10.07.2009
Lorsque l'enfant se montre
Je termine d'aligner mes courses sur le tapis roulant quand arrive un jeune couple. Elle est enceinte pour après demain et ne paraît pas avoir vraiment réalisé la chose si j'en juge par ses habits : ni son tee-shirt ni son pantalon ne semble en effet adapté à la situation, le haut roulé juste sous le soutien-gorge et le bas repoussé au ras du mini-slip.
Entre les deux, un énorme ventre nu, avec un comique nombril qui émerge comme un cratère lunaire sur la blancheur de la peau finement striée de veinules bleuâtres. Elle va et vient tranquillement entre le caddie et les allées, tandis qu'il aligne consciencieusement le fruit de ses aller-retour. Ses sandales en bois clapotent sur le pavement, incitant clients et caissières à la suivre des yeux ou à tendre l'oreille pour deviner entre quel rayon elle va réapparaître.
Les regards sont évidemment fixés sur ce ventre rond qui ne prétend pas se cacher, avec amusement, attendrissement, certains quand même un peu choqués; mais l'ensemble est plutôt amical et elle est tellement naturelle qu'il serait indécent d'y voir ... de l'indécence.
Je repense à une expo visitée il y a deux ou trois ans dans un village de la Basse Meuse. Elle racontait 100 ans de vie scolaire dans ce petit coin rural, avec les vieux bancs, les tableaux noirs, les anciens manuels, les cahiers de poésie, les cartes du Congo Belge et les "travaux des champs selon les saisons", les pages d'écriture, les encriers et les porte-plumes...
Il y avait aussi des textes officiels, des facturiers, des registres d'inscriptions, des palmarès de résultats, des règlements et des contrats.
Parmi tout cela, nous avions été frappés par une lettre calligraphiée, portant l'en tête de l'école Saint ... et datée des années 50. Elle avertissait Madame X qu'il était mis fin à son contrat puisqu'elle n'en avait pas respecté les termes.
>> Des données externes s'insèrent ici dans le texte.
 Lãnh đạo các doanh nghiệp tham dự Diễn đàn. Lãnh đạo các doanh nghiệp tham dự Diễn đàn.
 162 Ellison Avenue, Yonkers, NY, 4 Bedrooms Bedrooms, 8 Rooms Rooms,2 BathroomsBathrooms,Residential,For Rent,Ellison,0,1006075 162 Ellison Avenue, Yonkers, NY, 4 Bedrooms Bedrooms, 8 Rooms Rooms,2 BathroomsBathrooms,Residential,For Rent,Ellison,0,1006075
Elle s'était en effet engagée à ne pas attendre famille aussi longtemps qu'elle resterait en poste, cet "état intéressant" risquant de susciter une curiosité malsaine et prématurée chez ses élèves....
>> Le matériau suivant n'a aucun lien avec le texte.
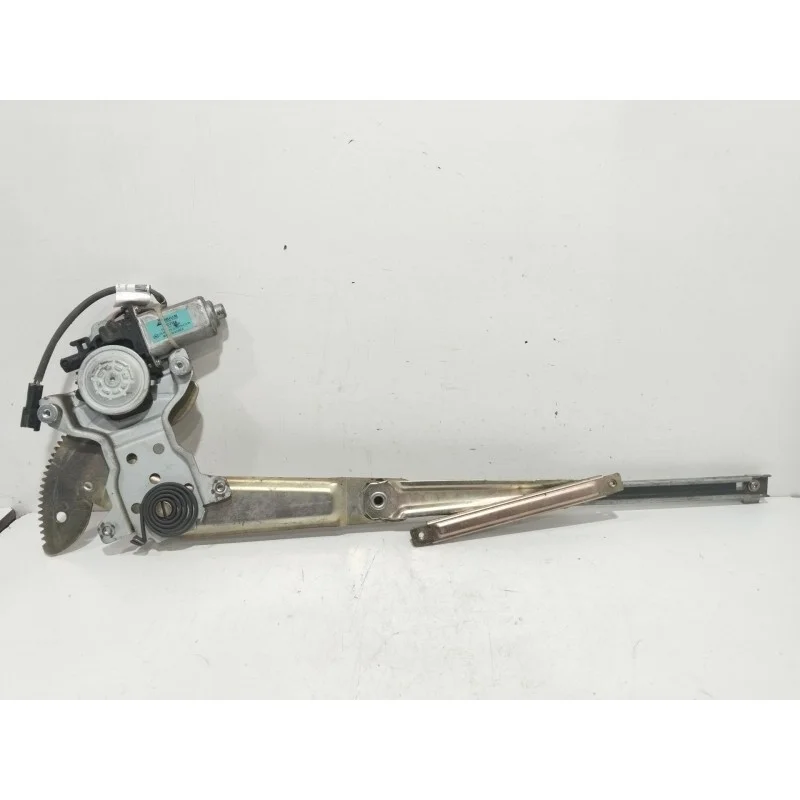 Oferta Limitada ELEVALUNAS DELANTERO DERECHO 824604D000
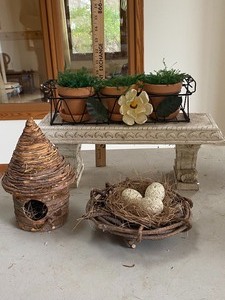 lot 200 image: Garden themed lot, planter, small resin bench, bird house, nest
On peut s'étonner qu'une école catholique empêche une épouse, car elle était mariée, d'avoir des enfants, malgré le commandement divin de "croissez et multipliez-vous" mais ceci est une autre question.
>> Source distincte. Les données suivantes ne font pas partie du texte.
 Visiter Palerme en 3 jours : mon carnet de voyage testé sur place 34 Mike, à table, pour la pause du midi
Ce qui m'amuse ici, c'est la formidable évolution des moeurs en un demi-siècle: ce qui autrefois ne pouvait même pas se deviner sous l'habit, aussi ample fut-il, est aujourd'hui largement mis en évidence par des vêtements spécialement étudiés pour glorifier au contraire la grossesse.
Et, comme dans mon supermarché, certaines n'acceptent même pas qu'un tissu, aussi moulant soit-il, dissimule ce qui les rend si fières et si uniques. J'imagine la mère supérieure de Bassenge arrivant dans mon Delhaize hier après midi ;-))
Il est bon de se rappeler de temps en temps d'où on vient !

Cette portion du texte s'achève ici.